How can I restart gpg-agent?

Question

Some changes in the GnuPG configuration demands a gpg-agent restart / reboot (according to the doc), but... How can I do that? I tried gpg-agent restart, service gpg-agent restart, but did not succeed.

Answer 1

With current GPG (2.1+), to stop gpg-agent you can use gpgconf --kill, like this:

gpgconf --kill gpg-agent

You shouldn’t need to manually restart it. GPG will restart it when it’s needed.
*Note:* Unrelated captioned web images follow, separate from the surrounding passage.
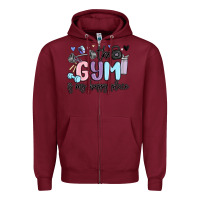 Burgundy the gym is my happy place Zipper Hoodie - MaliasSmallBusiness
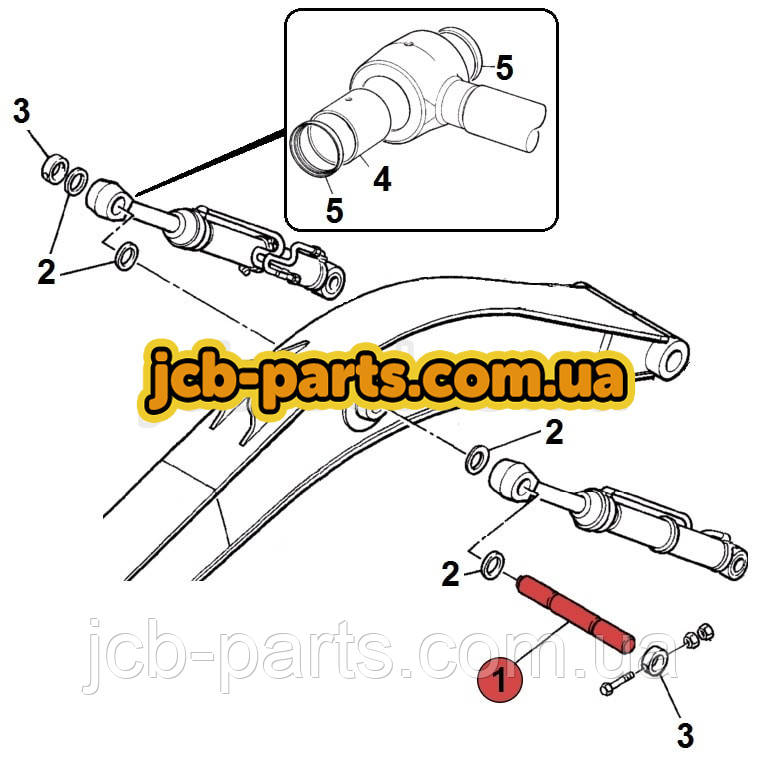 Палець в вушко штока г / циліндра стріли і в стрілу KBV0734 для JCB JS260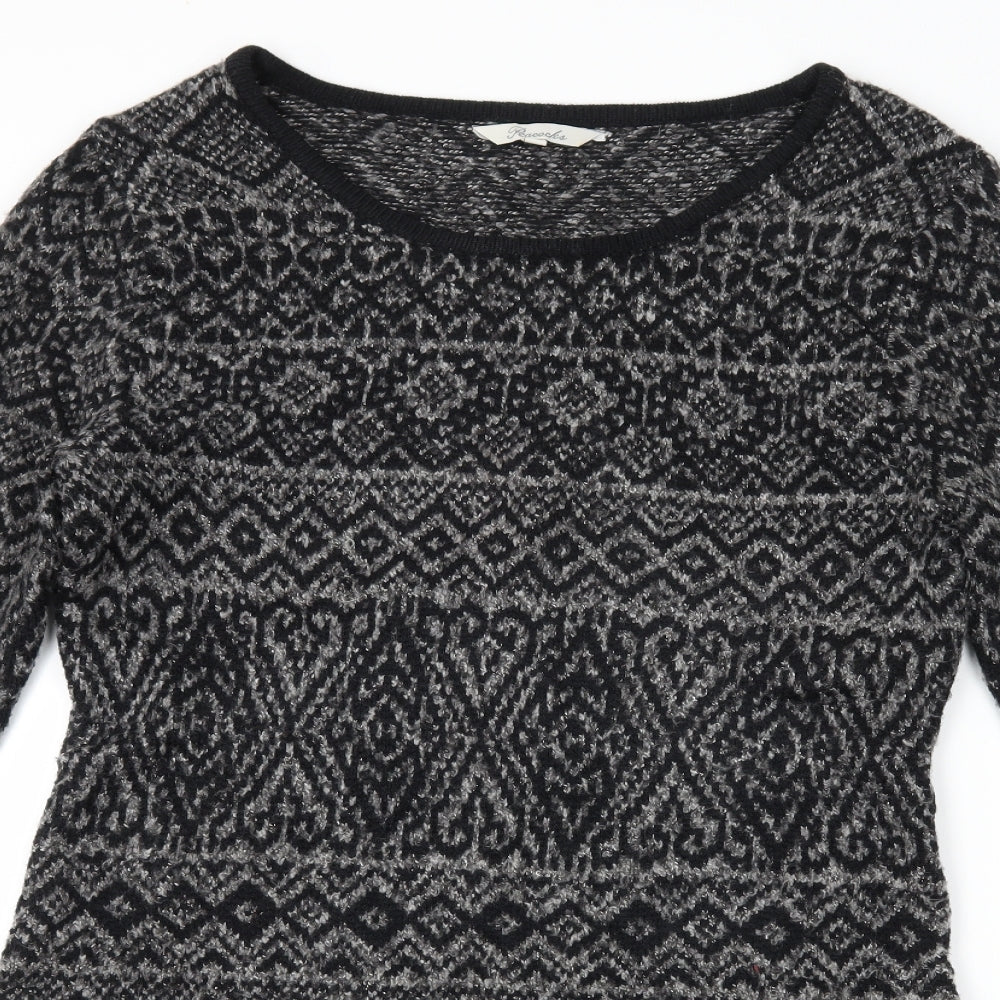 Peacocks Womens Black Geometric  Jumper Dress  Size 14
This information can be found in gpg-agent online manual and man gpg-agent.

Answer 2

My preferred way is with gpg-connect-agent reloadagent /bye. See gpg-connect-agent help /bye for a complete list of commands.

Answer 3

On modern systemd-based Linux distros the gpg-agent is controlled by the userspace systemd.

You can check/start/stop it with the following commands (without sudo):

systemctl --user status gpg-agent
systemctl --user stop gpg-agent
systemctl --user start gpg-agent

Answer 4

gpg-agent is not a system-wide service but started once per user (thus, it is not managed by service). Although sometimes invoked by user's dotfiles or at least in Debian and derivatives also when X11 is started (and gpg-agent is installed) in /etc/X11/Xsession.d/90gpg-agent (to make sure a common gpg-agent is used by all GnuPG calls, no matter whether from a terminal or GUI applications); it is also started automatically by GnuPG when required. From man gpg-agent:

The agent is automatically started on demand by gpg, gpgsm, gpgconf, or gpg-connect- agent. Thus there is no reason to start it manually. In case you want to use the included Secure Shell Agent you may start the agent using:

gpg-connect-agent /bye

Usually, a simple killall gpg-agent (from a non-root shell) should be fine for terminating gpg-agent. You'll likely observe a slight delay when using GnuPG the next time, as gpg-agent is started again.

Answer 5

To add one more way of restarting the agent that hasn't been mentioned yet:

# kill the agent
gpg-connect-agent killagent /bye
# start it again
gpg-connect-agent /bye

If GPG caches SSH keys as well, the second command is necessary. Given that gpg-connect-agent is the recommended way of starting the agent (in man gpg-agent) I wanted to also use it for killing which turned out to be possible (at least with gpg-connect-agent 2.4.4).

Answer 6

In my experience there are some scenarios where gpg will fail to start a fresh gpg agent (importing a new key?).

Kill the old agent as so:

GNUPGHOME="${GNUPGHOME:-$HOME/.gnupg}" gpgconf --kill gpg-agent

and then start the new one:

gpg-agent --homedir "${GNUPGHOME:-$HOME/.gnupg}" --daemon

Setting the --homedir explicitly when starting assures your ps listing is clear when you have more than one homedir; and it's analagous to what gpg does when it starts it.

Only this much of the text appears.